NAME
Net::OAI::Record::NamespaceFilter - general filter class based on namespace URIs
SYNOPSIS
$plug = Net::OAI::Record::NamespaceFilter->new(); # Noop
$multihandler = Net::OAI::Record::NamespaceFilter->new(
'http://www.openarchives.org/OAI/2.0/oai_dc/' => 'Net::OAI::Record::OAI_DC',
'http://www.openarchives.org/OAI/2.0/provenance' => 'MySAX::ProvenanceHandler'
);
$saxfilter = new SOME_SAX_Filter;
...
$filter = Net::OAI::Record::NamespaceFilter->new(
'*' => $saxfilter, # '*' for any namespace
);
$filter = Net::OAI::Record::NamespaceFilter->new(
'*' => sub { my $x = "";
return XML::SAX::Writer->new(Output => \$x);
};
);
DESCRIPTION
It will forward any element belonging to a namespace from this list to the associated SAX filter and all of the element's children (regardless of their respective namespace) to the same one. It can be used either as a metadataHandler
or recordHandler
.
This SAX filter takes a hashref namespaces
as argument, with namespace URIs for keys ('*' for "any namespace") and the values are either
- undef
-
Matching elements and their subelements are suppressed.

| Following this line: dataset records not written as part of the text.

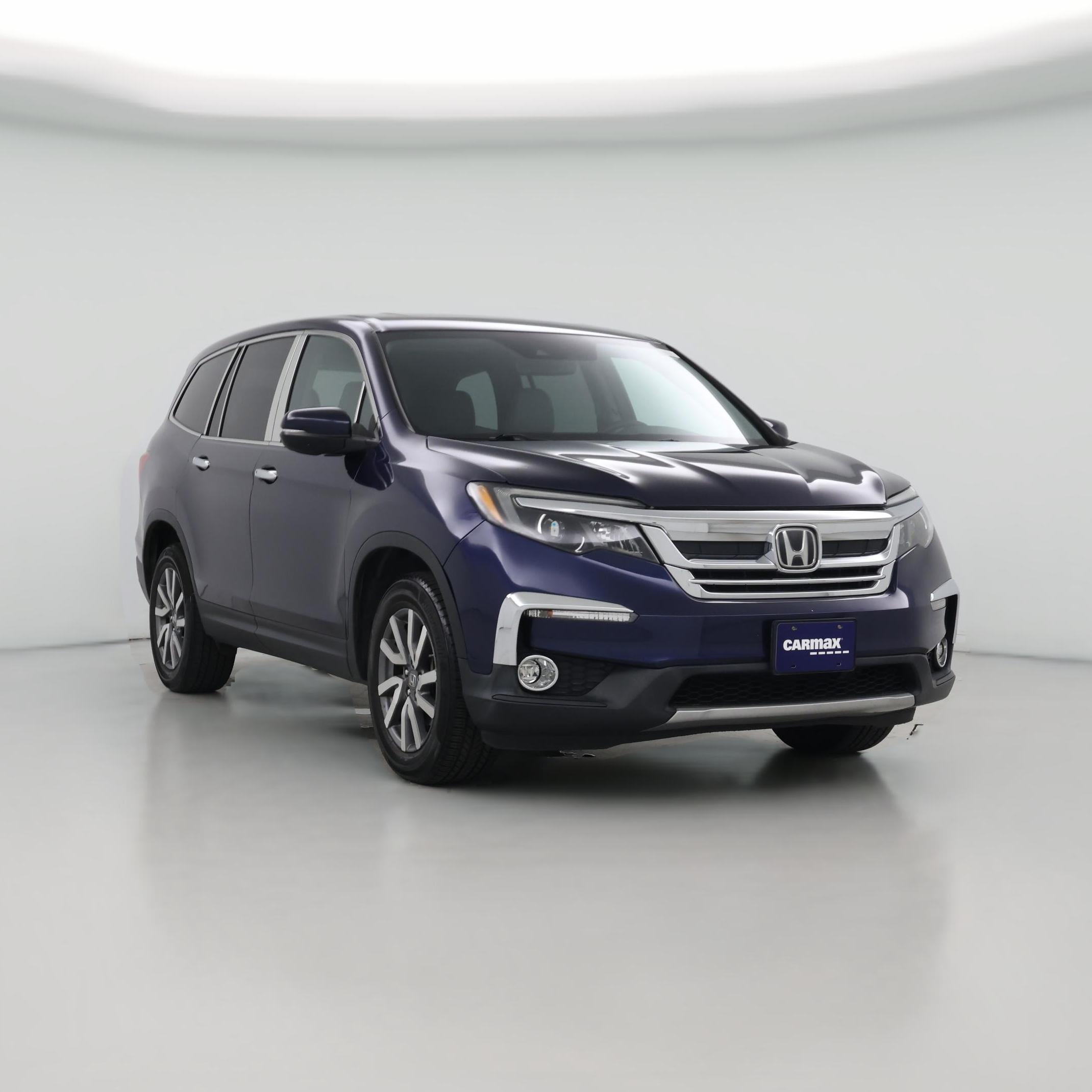 Thumbnail: 2019 Honda Pilot - 1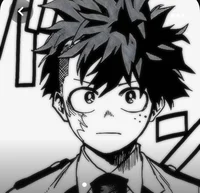 Izuku Midoriya 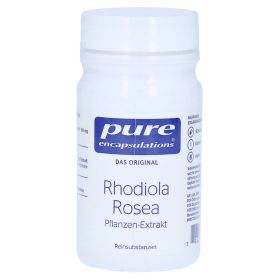 pure encapsulations Rhodiola Rosea – PZN 2767763 (PZN 2767763) из Германии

If the list of namespaces ist empty or
undefined
is connected to the filter, it effectively acts as a plug to Net::OAI::Harvester. This might come handy if you are planning to get to the raw result by other means, e.g. by tapping the user agent or accessing the result's xml() method:$plug = Net::OAI::Record::NamespaceFilter->new(); $harvester = Net::OAI::Harvester->new( [ baseURL => ..., ] ); $tapped_by_ua = ""; open ($TAP, ">", \$tapped_by_ua); $harvester->userAgent()->add_handler(response_data => sub { my($response, $ua, $h, $data) = @_; print $TAP $data; }); $list = $harvester->listRecords( metadataPrefix => 'a_strange_one', recordHandler => $plug, ); print $tapped_by_ua; # complete OAI response print $list->xml(); # should be exactly the same
Comment: This is quite an efficient way of not processing the XML content of OAI records received.

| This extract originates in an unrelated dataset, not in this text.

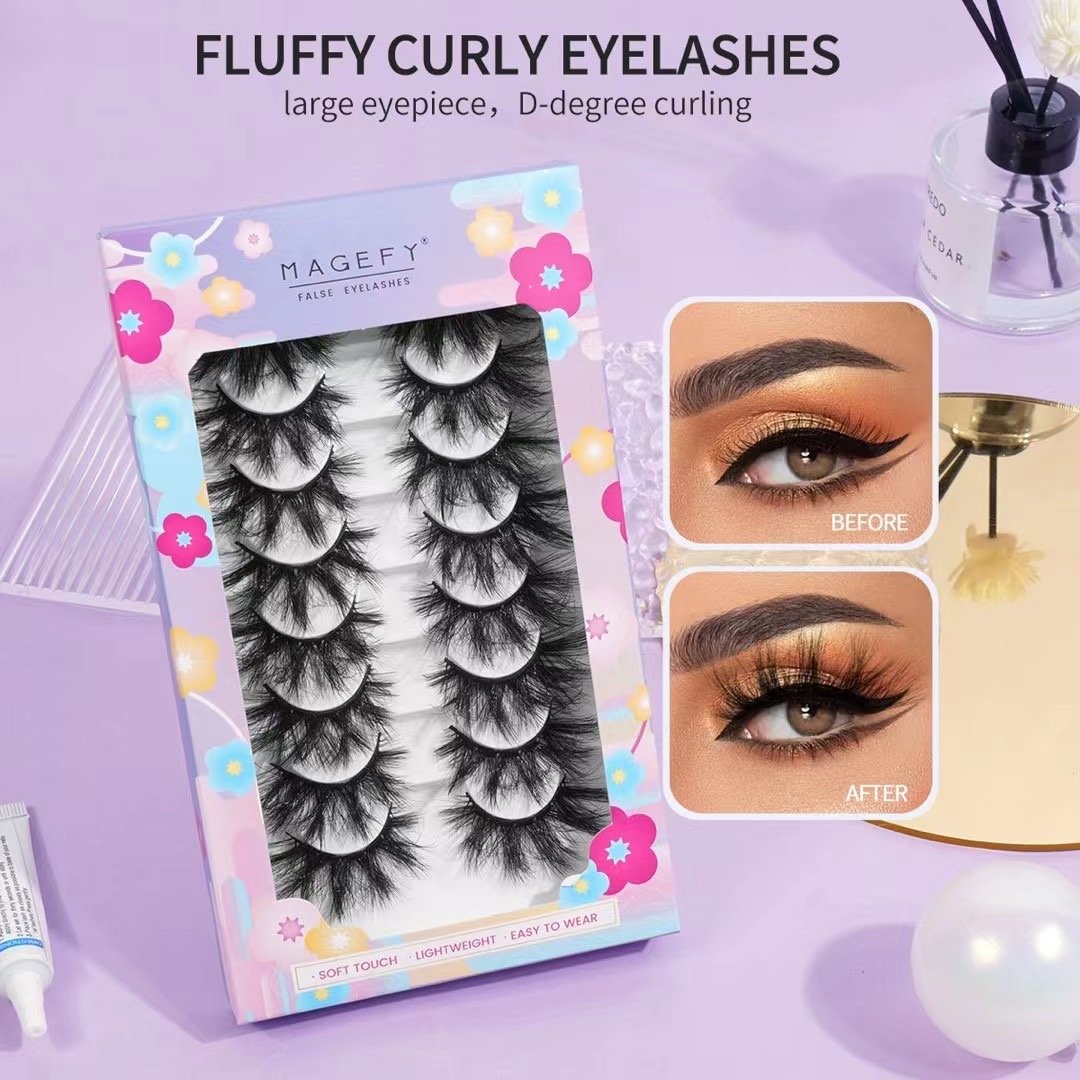 a868743c62a51036a94fd1fec814291c Magefy Eyelash 8pairs - Image 1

- a class name of a SAX filter
-
As usual for any record element of the OAI response a new instance is created.
# end_document() of instances of MyWriter returns something meaningful... $consumer = Net::OAI::Record::NamespaceFilter->new('*'=> 'MyWriter'); $filter = Net::OAI::Record::NamespaceFilter->new( '*' => $consumer ); $list = $harvester->listAllRecords( metadataPrefix => 'oai_dc', recordHandler => $filter, ); while( $r = $list->next() ) { next if $r->status() eq "deleted"; $xmlstringref = $r->recorddata()->result('*'); ... };
Note: The handlers are instantiated for each single OAI record in the response and will see one start_document() and end_document() event in any case (this behavior is different from that of handler class names directly specified as
metadataHandler
orrecordHandler
for a request: instances from those constructions will never see such events). - a code reference for an constructor
-
Must return a SAX filter ready to accept a new document.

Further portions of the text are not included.